→ **Your task**
Output must consist only of the lines of the material below from the one with "Wine Satin Saree" through the one with "Rolex GMT-Master II", each reproduced exactly; no pictures belong in it.

→ **Data provided**
*** Begin section ***

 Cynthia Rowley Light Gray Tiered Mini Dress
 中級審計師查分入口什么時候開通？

*** End section ***
*** Begin section ***

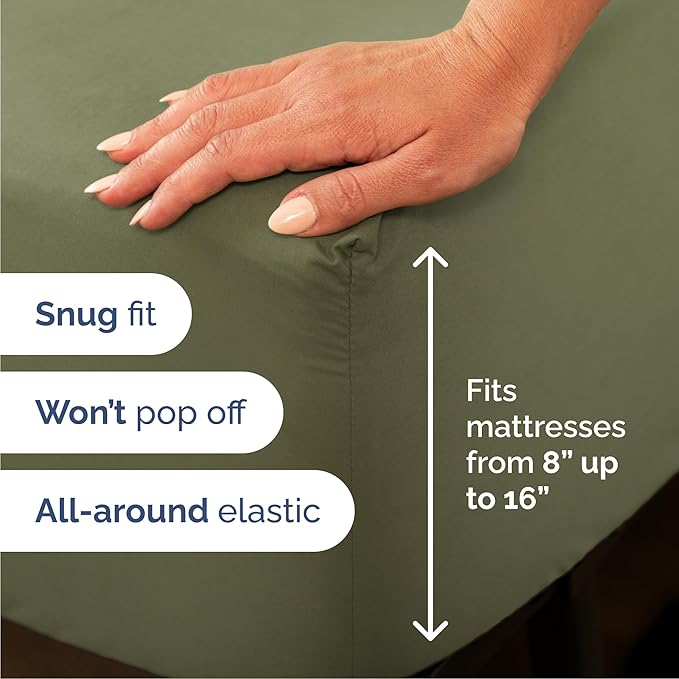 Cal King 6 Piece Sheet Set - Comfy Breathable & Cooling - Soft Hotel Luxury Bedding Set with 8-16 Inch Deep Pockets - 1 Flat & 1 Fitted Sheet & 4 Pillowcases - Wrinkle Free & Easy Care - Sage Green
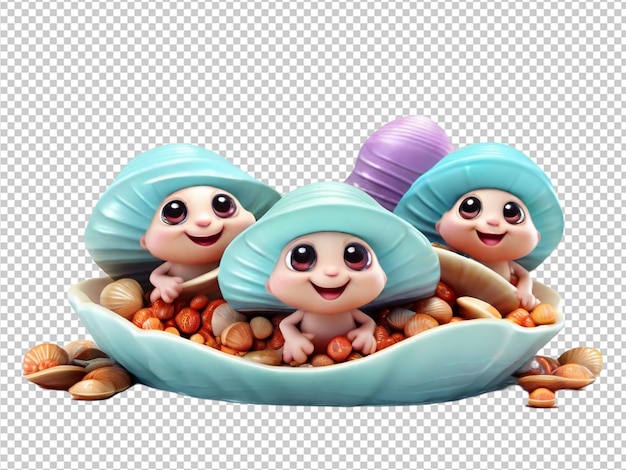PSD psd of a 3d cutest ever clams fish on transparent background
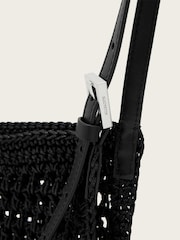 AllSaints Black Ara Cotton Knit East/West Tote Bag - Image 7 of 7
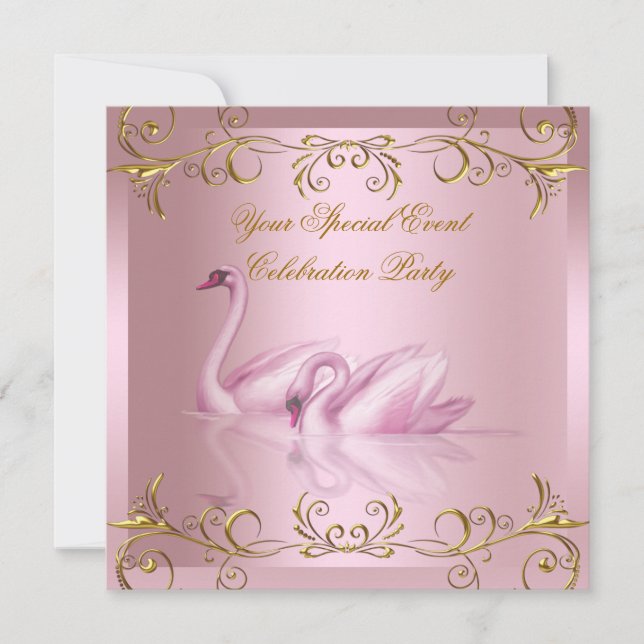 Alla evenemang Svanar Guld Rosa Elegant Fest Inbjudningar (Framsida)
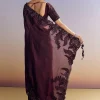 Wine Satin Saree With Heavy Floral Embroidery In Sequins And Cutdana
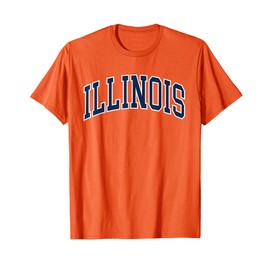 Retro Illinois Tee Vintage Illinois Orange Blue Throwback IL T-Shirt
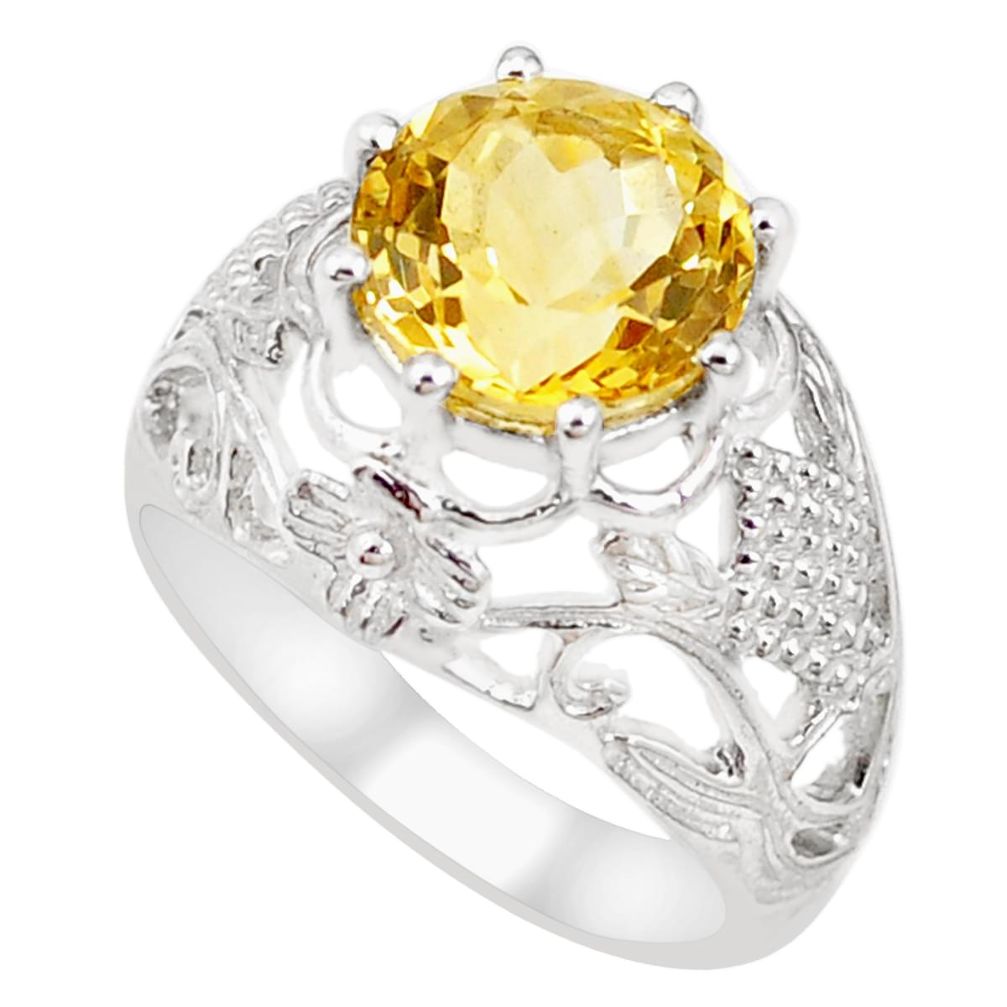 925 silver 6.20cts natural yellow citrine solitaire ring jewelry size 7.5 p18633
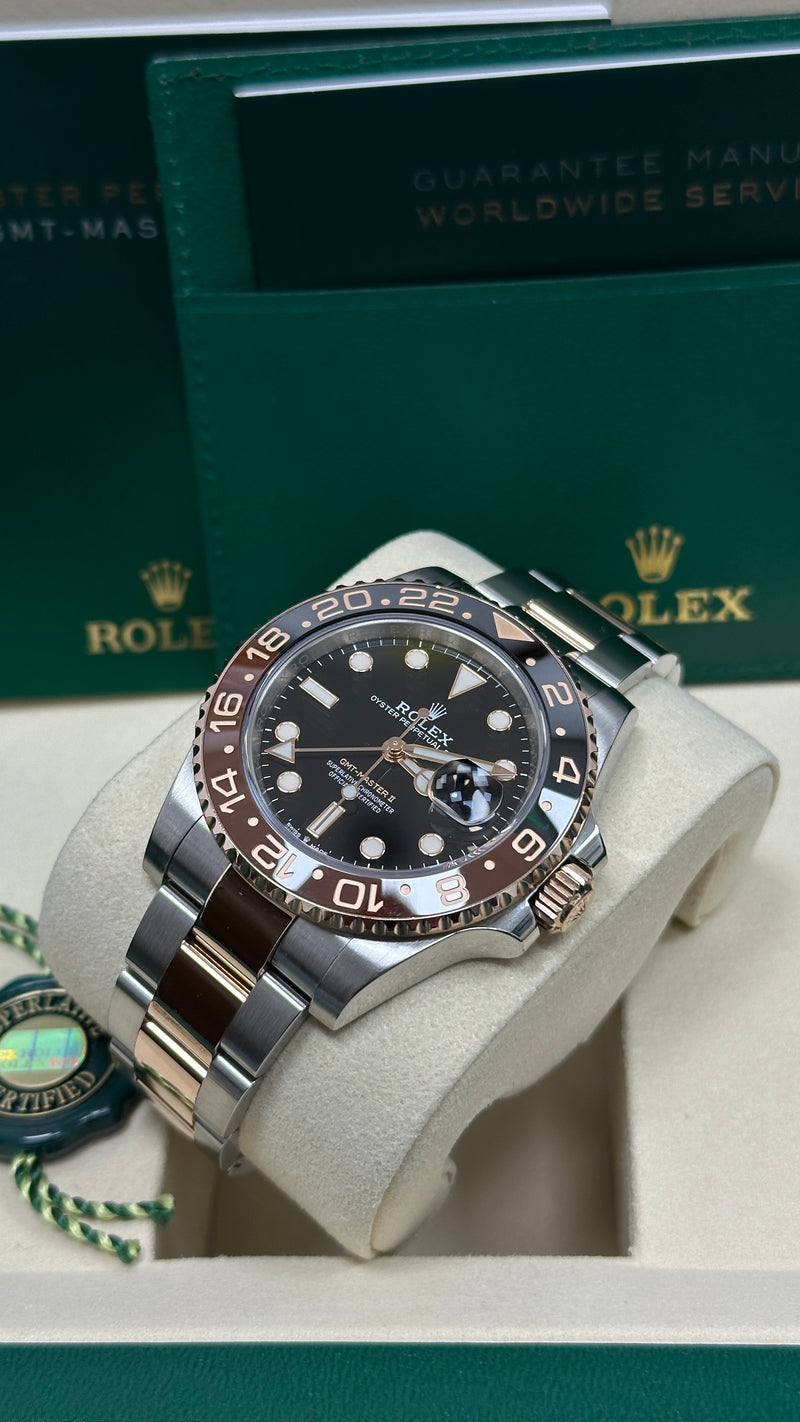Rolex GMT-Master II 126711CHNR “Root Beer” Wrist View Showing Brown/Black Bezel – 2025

*** End section ***

→ **Exercise result**
 Wine Satin Saree With Heavy Floral Embroidery In Sequins And Cutdana
 Retro Illinois Tee Vintage Illinois Orange Blue Throwback IL T-Shirt
 925 silver 6.20cts natural yellow citrine solitaire ring jewelry size 7.5 p18633
Rolex GMT-Master II 126711CHNR “Root Beer” Wrist View Showing Brown/Black Bezel – 2025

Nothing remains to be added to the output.